Properties of inclusive hadron production in Deep Inelastic Scattering on heavy nuclei at low x

TL;DR

This paper analyzes inclusive hadron production in deep inelastic scattering on heavy nuclei at low x, exploring different kinematic regimes, deriving asymptotic formulas, and examining nuclear effects and saturation phenomena.

Contribution

It provides a comprehensive analysis of hadron production in DIS at low x, including asymptotic formulas, NLO corrections, and nuclear modification insights, with numerical predictions for future experiments.

Findings

Asymptotic behavior of dipole--nucleus scattering amplitude at high energies.

Modification of the pomeron intercept in the saturation regime.

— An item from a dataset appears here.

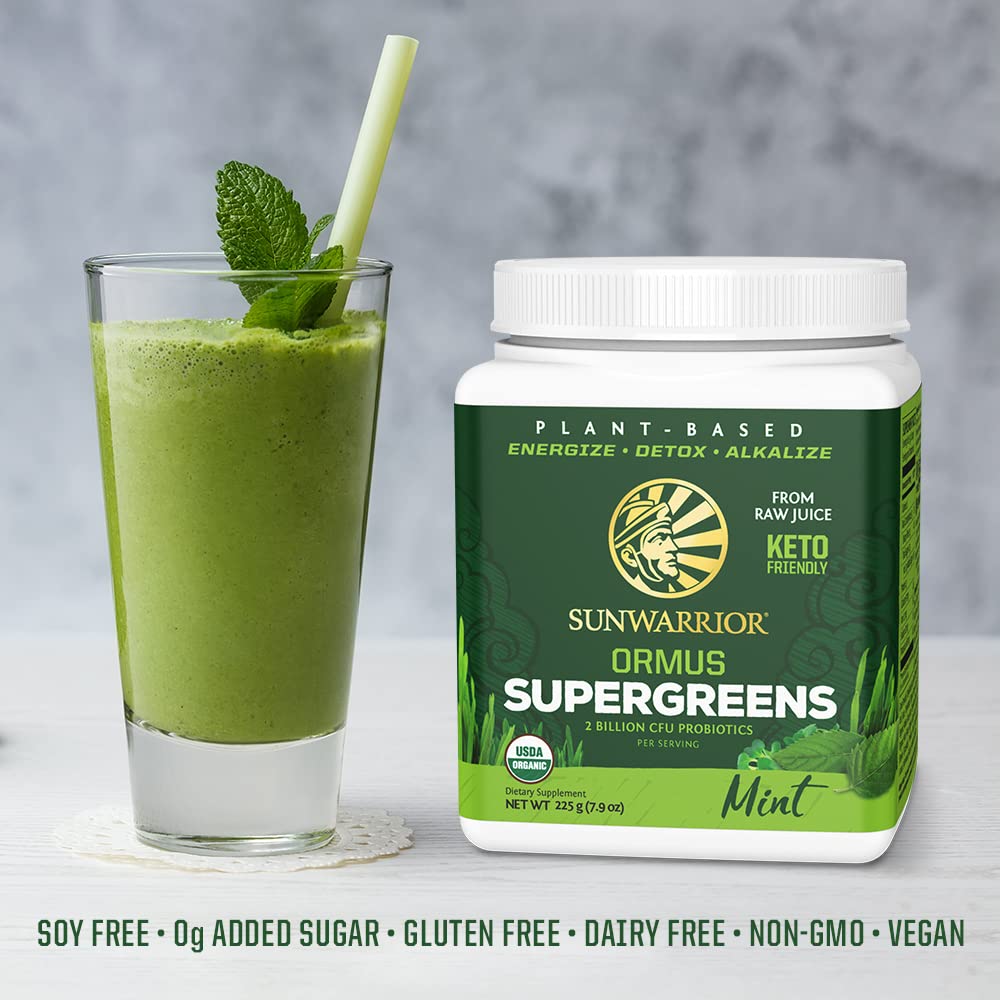 Sunwarrior probiotic visuals indicate a gut-friendly addition to your routine.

Nuclear modification factor linked to gluon distribution anomalous dimension.

Abstract

In this paper we present a comprehensive study of inclusive hadron production in DIS at low $x$. Properties of the hadron spectrum are different in different kinematic regions formed by three relevant momentum scales: photon virtuality $Q^2$, hadron transverse momentum $k_T$ and the saturation momentum $Q_s(x)$. We investigate each kinematic region and derive the corresponding asymptotic formulas for the cross section at the leading logarithmic order. We also analyze the next-leading-order (NLO) corrections to the BFKL kernel that are responsible for the momentum conservation. In particular, we establish the asymptotic behavior of the forward elastic dipole--nucleus scattering amplitude at high energies deeply in the saturation regime and a modification of the pomeron intercept. We study the nuclear effect on the inclusive cross section using the nuclear modification factor and its logarithmic derivative. We argue that the later is proportional to the difference between the anomalous dimension of the gluon distribution in nucleus and in proton and thus is a direct measure of the coherence effects. To augment our arguments and present quantitative results we performed numerical calculations in the kinematic region that may be accessible by the future DIS experiments.